At $\theta^*=90^{\circ}$ the anomalous dimension matrix becomes diagonal 
with eigenvalues
%(2.13)
\begin{eqnarray} 
\lambda_1 &=&-\frac{\alpha_s}{\pi}
\left[C_F(L_{\beta}+1)+  C_A i \pi \right]\,,
 \nonumber \\  
\lambda_2 &=&\frac{\alpha_s}{\pi}\Big\{
-C_F(L_{\beta}+1)
+\frac{C_A}{2}\Big[L_{\beta}-\ln\Big(\frac{m^2 s}{t_1^2}\Big)
- i \pi \Big]\Big\}\,,
\nonumber \\ 
\lambda_3 &=&\lambda_2\,.
\end{eqnarray}
We note that $\Gamma_{IJ}$ is also diagonal at partonic threshold 
for arbitrary $\theta^*$.

\mysection{Heavy-quark production cross sections}

As we have already stated, we are primarily interested in the magnitude
of the NLL terms, particularly the $g_3$ contribution,
relative to the LL results of \cite{LSN1,LSN2,HERAB,sv2}.
Therefore we use a similar cutoff scheme, modifying the definitions of 
the exponents in eqs.\ (2.3) and (2.4) to work directly in momentum space and 
avoid working in Mellin space.
This method, introduced in \cite{LSN1},
exploits the correspondence between the
moment variable $n$ and logarithmic terms in the momentum space variable 
$1-z$. To directly compare with other recent LL resummation schemes
in Refs.\ \cite{bc,cat} would, in principle, require three separate studies 
since each group of authors defines eq.\ (2.4) differently. 
Therefore, in this paper we only consider the approach based on \cite{LSN1}.

First, we identify
%(3.1)
\begin{eqnarray} 1-z = \frac{s_4}{2m^2} \,,
\end{eqnarray}
where $s_4$ is the invariant mass of the 
heavy-quark + gluon system which recoils against the detected heavy antiquark
in inclusive $\overline Q$ production.
The invariants satisfy
$s + t_1 + u_1 = s_4$ so that in the elastic limit
$s_4 \rightarrow 0$ or $z \rightarrow 1$.  Note that eq.\ (3.1)
differs from the identification $1- z = s_4/m^2$ in Refs.\ \cite{LSN1,bc}. 
The factor of two is necessary to compare 
the NLL terms \cite{Thesis} with the expressions previously given
in \cite{mssn}.  With the identification in eq.\ (3.1)
all the NLL terms in the $q\overline q$ channel are reproduced,
not only exactly at threshold
but also at finite $s_4$ except for one NLL term in $C_F^2$ which 
has a different coefficient. (This small difference is due to the fact that
the $Q\overline Q$ invariant mass and the $Qg$ invariant mass are different
invariants).
A similar observation holds for the $gg$ channel.

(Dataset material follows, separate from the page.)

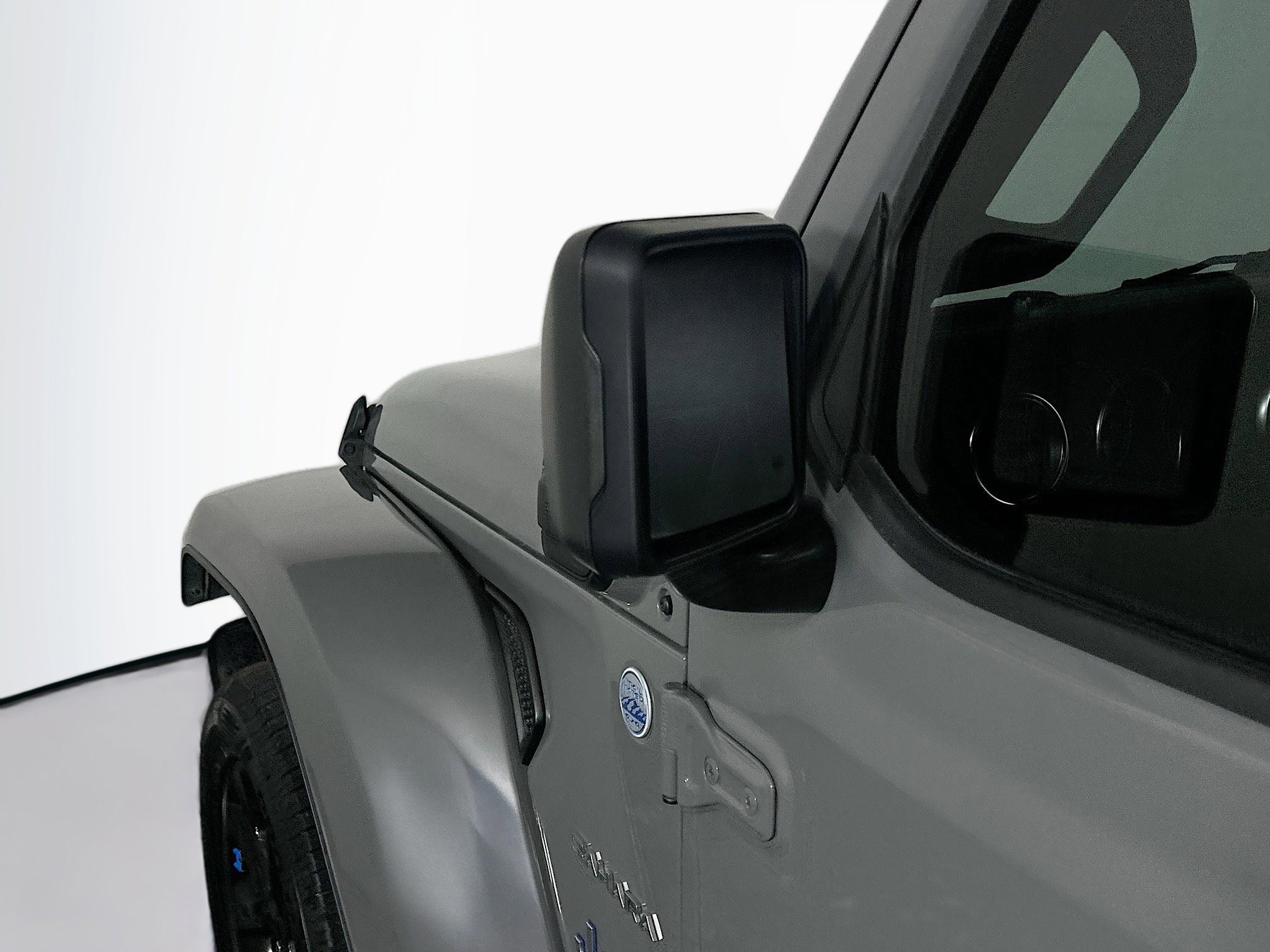 Used 2023 Jeep Wrangler Unlimited Sahara AWD/4WD image 16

Further we exploit the fact that a heavy quark-antiquark
pair will be preferentially produced back-to-back in the parton-parton 
center-of-mass frame near threshold. We also 
choose the case of $\theta^* = 90^\circ$ to use
the results of eqs.\ (2.11) and (2.13). This choice 
avoids both the diagonalization
of the three dimensional matrix in the gluon-gluon channel and 
an extra numerical integration over $\theta^*$.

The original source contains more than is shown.